For all practical purposes, the swapping out of entire processes can be
ignored in Solaris 2, which no longer implements the time-based soft
swap-outs that occur in SunOS 4. vmstat -s reports total
numbers of swap-ins and swap-outs, and they're almost always zero.
It is important to note that prolonged memory shortages can trigger
swap-outs of inactive processes. Swapping out idle processes helps the
performance of machines with less than 32 megabytes (MB) of RAM.
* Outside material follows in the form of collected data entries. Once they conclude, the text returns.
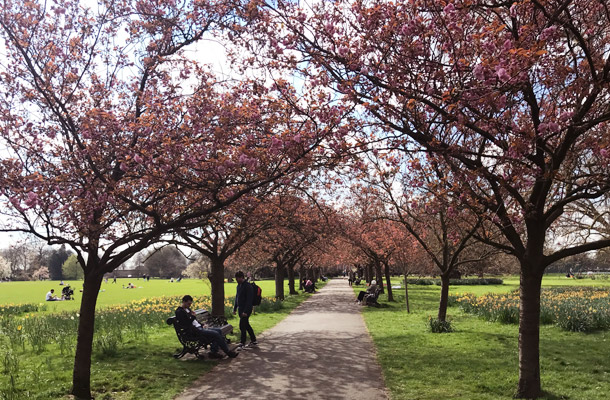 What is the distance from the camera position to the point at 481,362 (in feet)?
27.9

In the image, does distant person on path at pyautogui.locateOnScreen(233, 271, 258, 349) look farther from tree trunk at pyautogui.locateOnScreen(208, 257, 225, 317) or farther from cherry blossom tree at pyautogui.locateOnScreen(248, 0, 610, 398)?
cherry blossom tree at pyautogui.locateOnScreen(248, 0, 610, 398)

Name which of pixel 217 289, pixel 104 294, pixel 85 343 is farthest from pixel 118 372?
pixel 104 294

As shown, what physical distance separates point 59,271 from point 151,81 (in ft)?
360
The number of idle swapped-out processes is reported as the
swap queue length by vmstat. This measurement is not explained properly
in the manual page, since that measure used to be the number of active
swapped-out processes waiting to be swapped back in. As soon as a
swapped-out process wakes up again, it will swap its basic data
structures back into the kernel, and page in its code and data as
they are accessed. This activity requires so little memory that it
can always happen immediately.
Code Example 1
%vmstat 5 procs memory page disk faults cpu r b w swap free re mf pi po fr de sr f0 s0 s1 s5 in sy cs us sy id ... 0 0 4 314064 5728 0 7 2 1 1 0 0 0 177 91 22 132 514 94 1 0 98
If you come across a system with a non-zero swap queue reported by
vmstat, take it as a sign that at some time in the past, free memory
went low for long enough to trigger the swapping out of idle
processes. This is the only useful conclusion you can draw from such a
measure.
Swap space operations
Swap space is really a misnomer for paging space.